In social-psychological terms we can understand this as a means of nonlinear communication, facilitated through medium-action, through which expressive meaning surfaces in a way that is intentional, but not wholly deliberate or meticulous. Thus, artists signify emotional meaning through the medium. They express humancontent through formalcontent – rendering Carroll’s approach to artistic encounters, as conversational, sound insofar as we might interact with certain works socially, on the basis of signification and interpretation of action. In order for this to occur, however, we must first be able to approach the work as a valid social and emotional stimulus.

Numerous social-psychological studies have been conducted in regards to bodily, facial, and otherwise recognizable social responses to (and instances of displayed) emotional stimuli (Ekman, 1972; Friesen, 1972). Findings have generally concluded that we engage in socially communicable behaviors even when isolated, there is never a time or place in which we aren't behaving and operating as social beings. So long as there is a relevant stimuli with which we may interact, we might engage in socioemotionally-informed socially communicable behaviors and interactions.

Such displays and response-displays correspond with (and give rise to) instances of emotional cognition stemming from the socioemotional Selves of the participants. Further, it is concluded that we make social interactants out of non-humans - objects, plants, weather, (and as this essay would assert, artworks) - for the purpose of interacting with our socioemotional Selves (Fridlund, Duchaine 1996). This is to say that artworks may serve as valid social stimuli which we, as viewers, then interact with as emotionally-informed cognition engages to produce an emotional appraisal in response to that expressive display.

In what ways and by what means are expressiveness and recognition in abstract portraits achieved? Our cognitive structures, which guide how thoughts and ideas are organized to an individual, come to action when interacting with an abstract portrait, and are manifest in our interpretation of the work in ways that are dependent on our interpretation of the work's formal content, the context of the encounter, the artist’s intentions, and the artist's use of various means of expression through the medium.

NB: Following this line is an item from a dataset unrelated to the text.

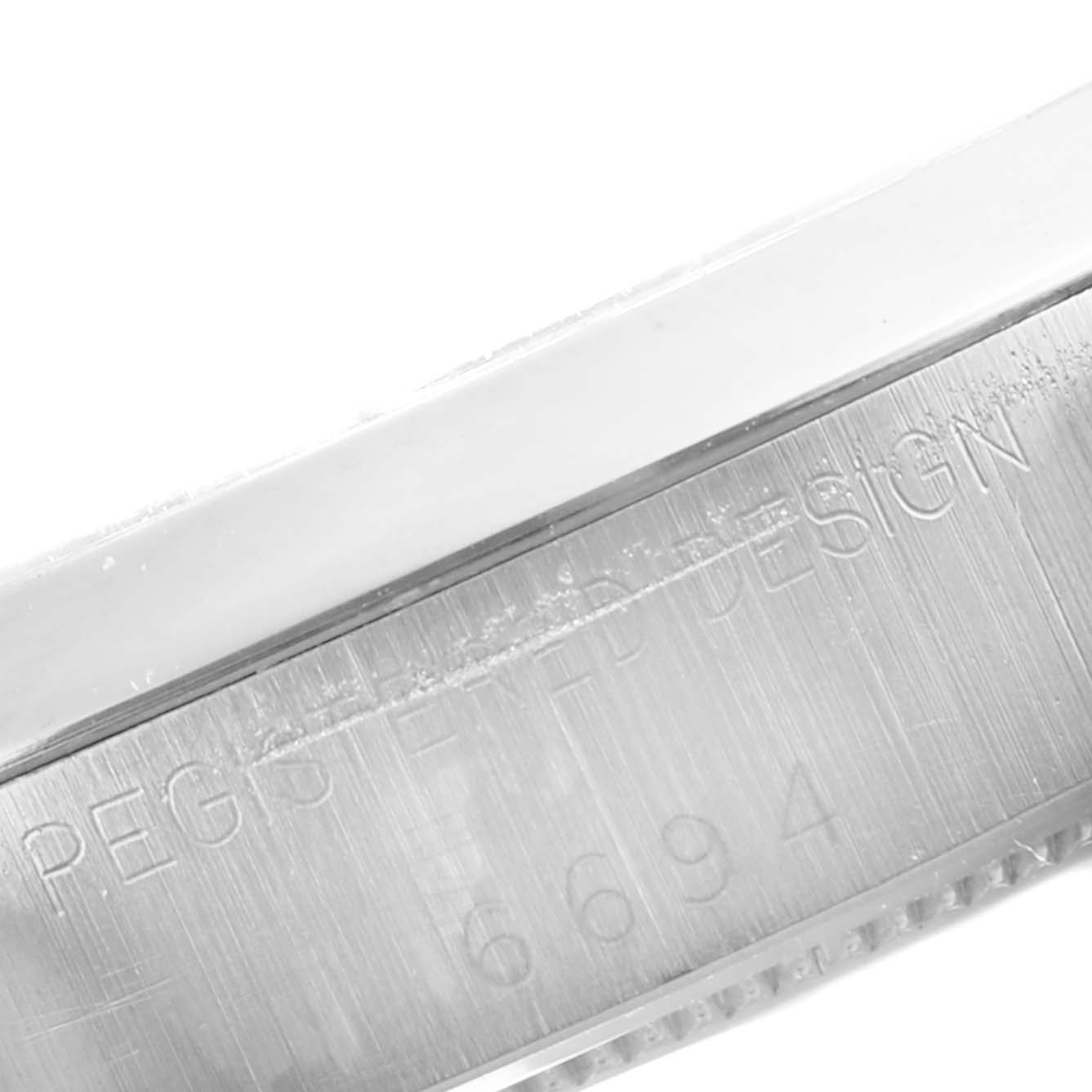 This image shows a close-up of the brushed metal case side and engraving on a Rolex Vintage Collection 6694 Men's Stainless Steel Black Dial 6694 Men's Stainless Steel Black Dial watch model number 6694.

Artistic expression and recognition of artistic content is rooted in various essential social-psychological theories, namely; Social Constructivism and more generally, Interactionism. The former holds that all understanding of experience is socially constructed, but different communities can construct different interpretations of their shared experience. The latter asserts that on the micro level meaning is produced through the interactions of and between individuals.